A set of lines $x+y-2+\lambda (2x+y-3)=0$ represents incident rays on an ellipse $S=0$ and
$2x+3y-23+\mu (2x-y-3)=0$ represents the set of reflected rays from the ellipse where $\lambda ,\mu \in R.$ If $P(3,7)$ is a point on the ellipse normal at which meets the major axis at $N$ then

• A. Eccentricity of ellipse is $\frac{\sqrt{5}}{2\sqrt{2}+1}$
• B. $N$ divides line segment joining two foci in the ratio $2\sqrt{2}:1$
• C. Area of triangle formed by point $P$ and two foci is $5$ Sq. unit.
• D. Eccentricity of ellipse is $\frac{\sqrt{5}}{2\sqrt{2}-1}$

Answer 1

Answer: (A), (B), (C)

Area of triangle formed by point $P$ and two foci is $5$ Sq. unit.

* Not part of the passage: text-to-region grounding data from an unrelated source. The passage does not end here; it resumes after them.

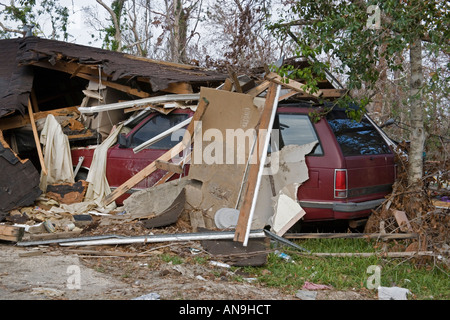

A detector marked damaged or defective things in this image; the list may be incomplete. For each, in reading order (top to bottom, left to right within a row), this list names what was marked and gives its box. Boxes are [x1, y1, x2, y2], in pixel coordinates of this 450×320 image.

broken lumber [0, 224, 24, 241]
torn fabric [39, 114, 74, 191]
broken lumber [102, 96, 209, 206]
damaged structure [0, 35, 362, 264]
broken lumber [234, 82, 280, 245]
broken drywall [251, 141, 318, 234]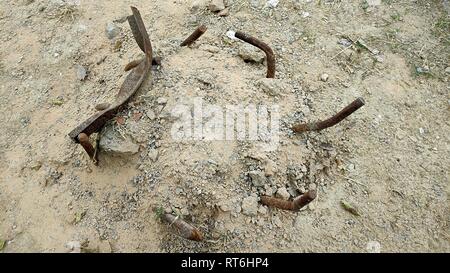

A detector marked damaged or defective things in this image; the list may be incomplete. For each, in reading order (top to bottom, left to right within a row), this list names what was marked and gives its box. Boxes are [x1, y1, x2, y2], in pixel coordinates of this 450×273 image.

oxidized iron piece [179, 24, 207, 46]
rusty metal fragment [179, 24, 207, 46]
rusty metal fragment [234, 30, 276, 77]
oxidized iron piece [234, 31, 276, 77]
oxidized iron piece [68, 6, 153, 160]
rusty metal fragment [68, 6, 153, 162]
broken metal scrap [68, 6, 153, 162]
oxidized iron piece [292, 97, 366, 132]
rusty metal fragment [292, 98, 366, 133]
oxidized iron piece [258, 189, 318, 210]
rusty metal fragment [258, 189, 318, 210]
oxidized iron piece [163, 212, 203, 240]
rusty metal fragment [162, 212, 204, 240]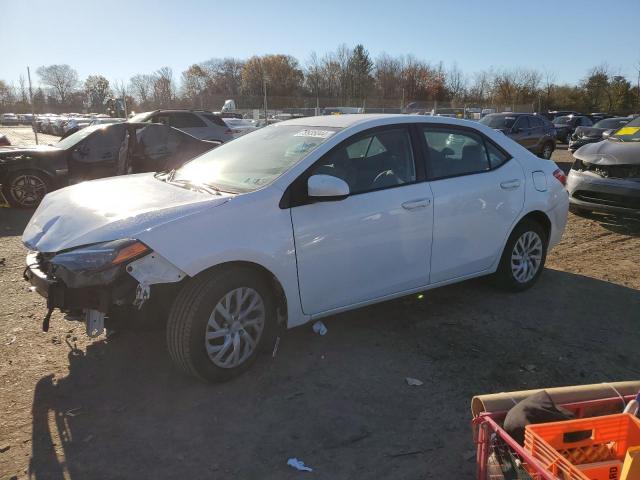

Since rays eminating from one focus after reflection passes through other focus.
One focus should be concurrency point of the first family of lines i.e. $S_1(1,1)$ and the other is point of concurrency of the second family i.e. $S_2(4,5)$.
Given $P(3,7)$ is a point on the ellipse
$\Rightarrow 2a=P{S}_1+P{S}_2\Rightarrow 2a=\sqrt{5}(2\sqrt{2}+1)$
And $2ae=S_1{S}_2=5$
$\therefore e=\frac{\sqrt{5}}{(2\sqrt{2}+1)}$
$\because$ Normal is angular bisector for triangle $S_{1}P{S}_2$
$\Rightarrow \frac{N{S}_1}{N{S}_2}=\frac{P{S}_1}{P{S}_2}=\frac{\sqrt{40}}{\sqrt{5}}=2\sqrt{2}$

Now for line $S_1{S}_2:4x-3y=1$
perpendicualr distance from $P$ is
$d=\frac{10}{5}=2$ unit
$\therefore$ Area of
$△P{S}_1{S}_2=\frac{1}{2}\cdot d\cdot S_1{S}_2=\frac{1}{2}\times 2\times 5=5\text{sq. unit}$